(Source data)
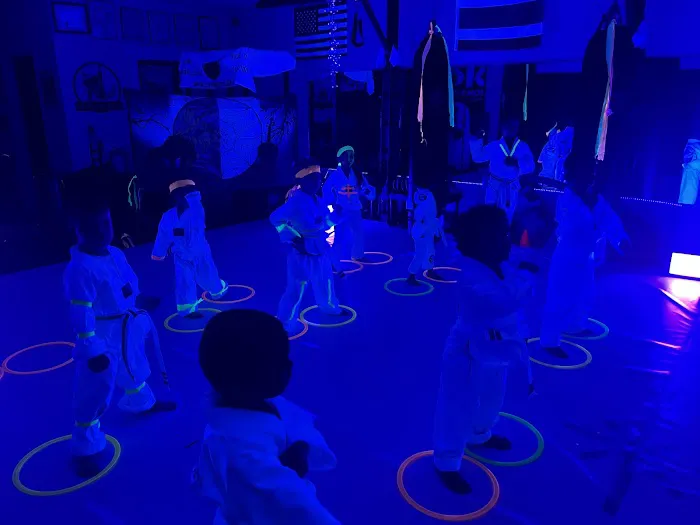 Garuda Martial Arts Picture 7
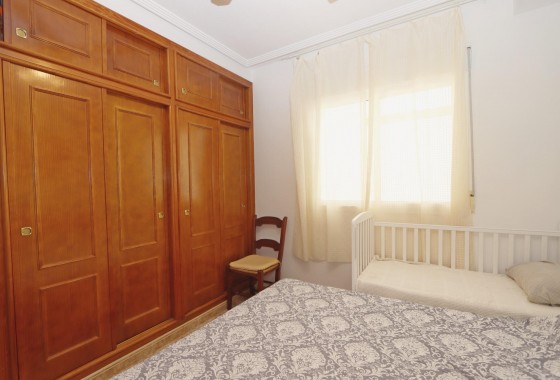 Resale - Apartment / flat - Orihuela Costa - Costa Blanca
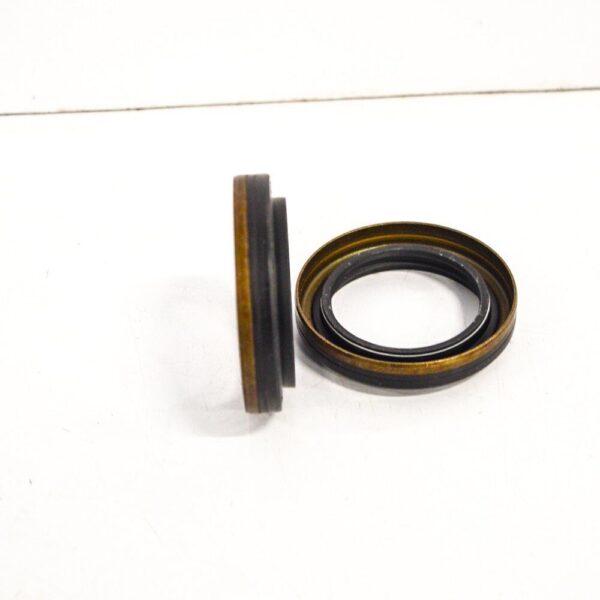 BMW 1 F21 rear axle shaft seal 33127621206 7621206 NEW REAL - Image 4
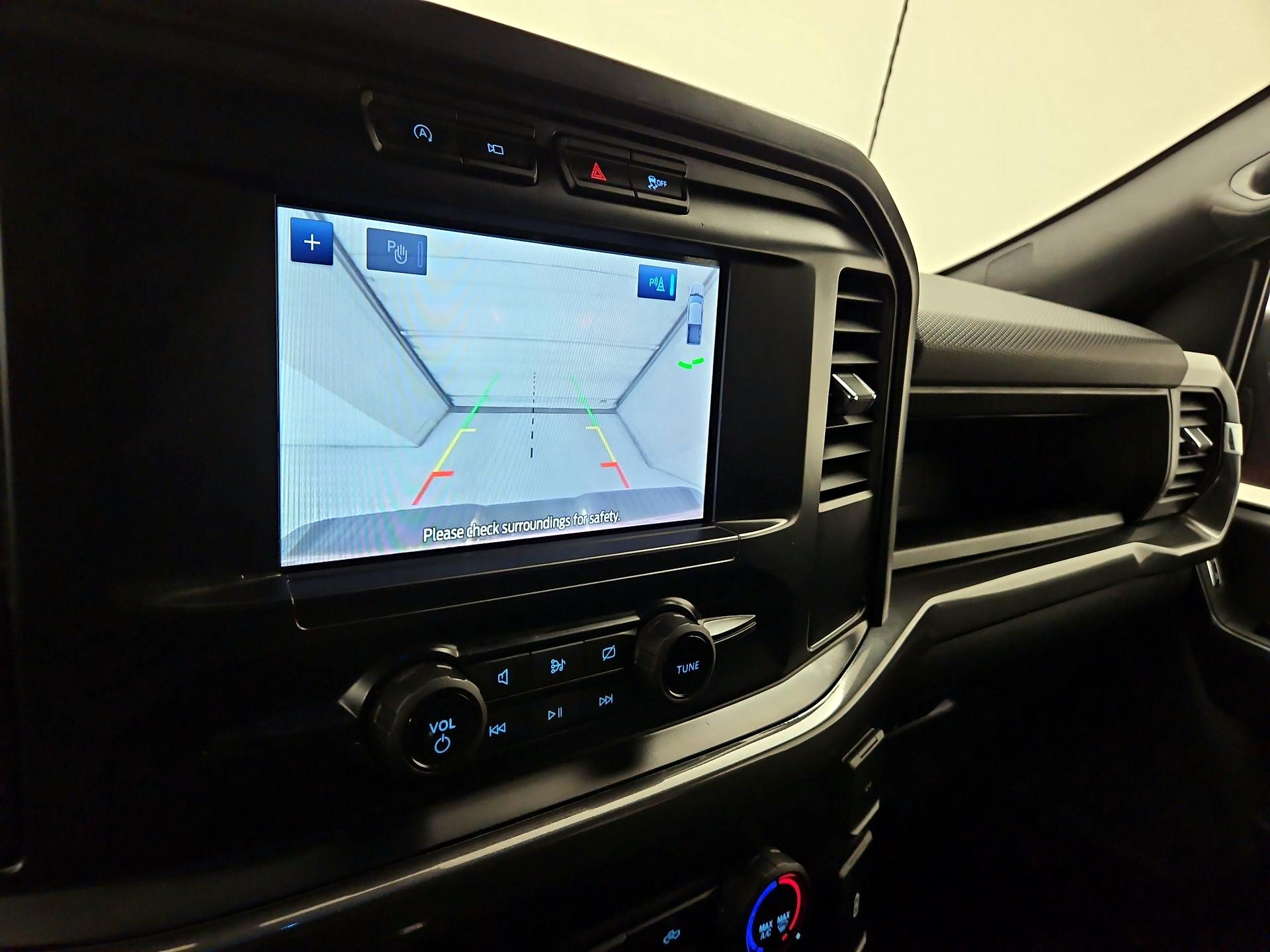 Thumbnail: 2023 Ford F-150 - 15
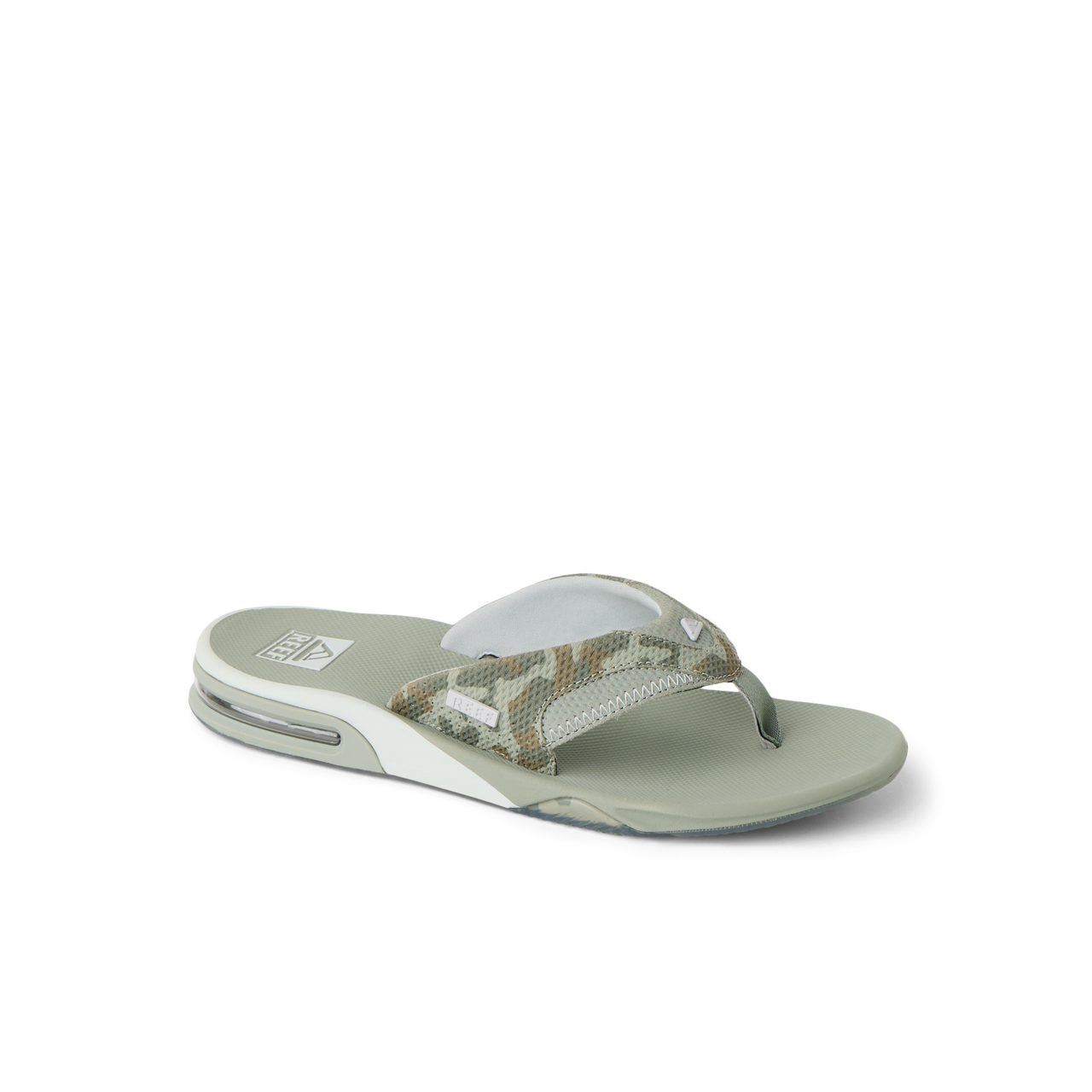 Fanning - Camo - Main View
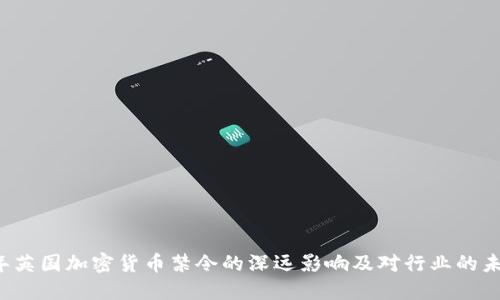 2023年英国加密货币禁令的深远影响及对行业的未来展望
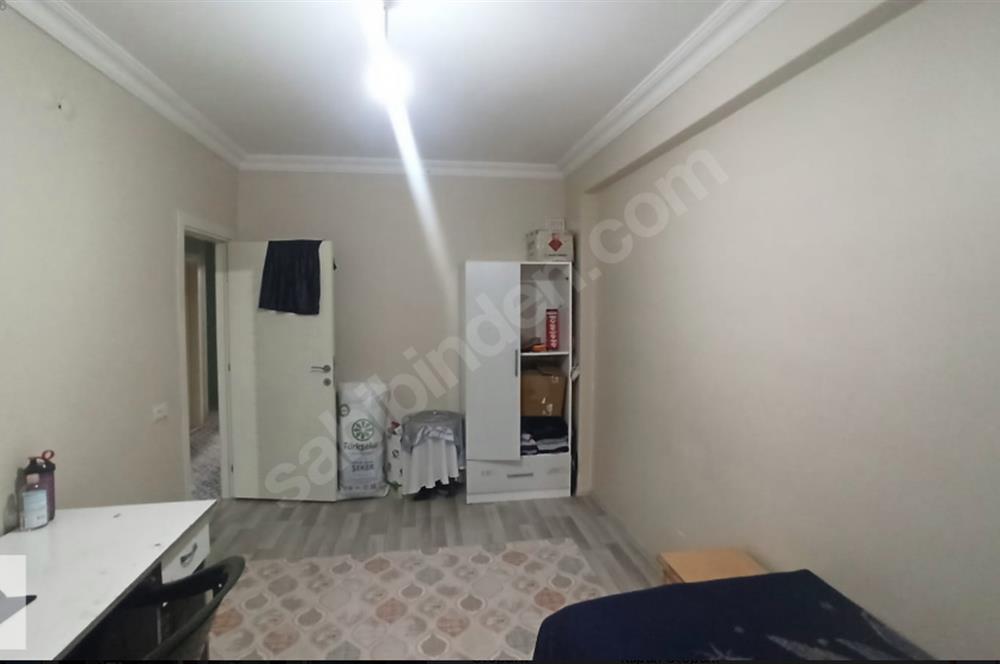 CENTURY 21 VİZYON'DAN ÇAMLICA MAHALLESİNDE SATILIK 2+1 DAİRE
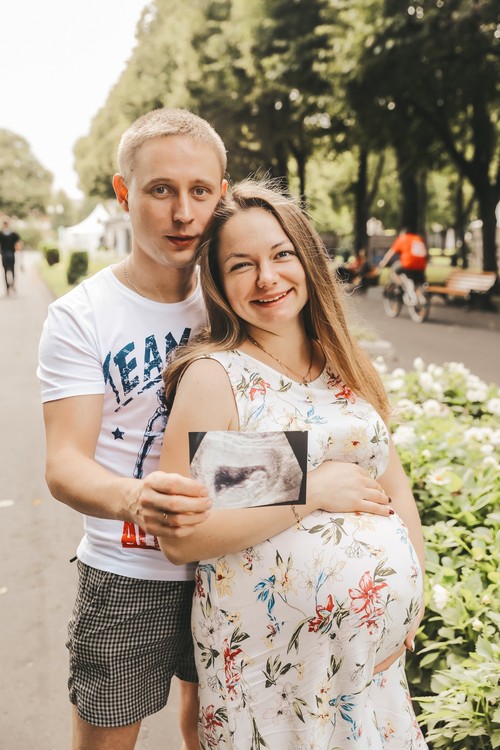 Кристина & Миша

## TASK INSTRUCTIONS
Every line from the one with "BMW 1 F21 rear" through the last line of the data must be copied exactly. Leave the pictures out.

## EXERCISE ANSWER
 BMW 1 F21 rear axle shaft seal 33127621206 7621206 NEW REAL - Image 4
 Thumbnail: 2023 Ford F-150 - 15
 Fanning - Camo - Main View
 2023年英国加密货币禁令的深远影响及对行业的未来展望
 CENTURY 21 VİZYON'DAN ÇAMLICA MAHALLESİNDE SATILIK 2+1 DAİRE
 Кристина & Миша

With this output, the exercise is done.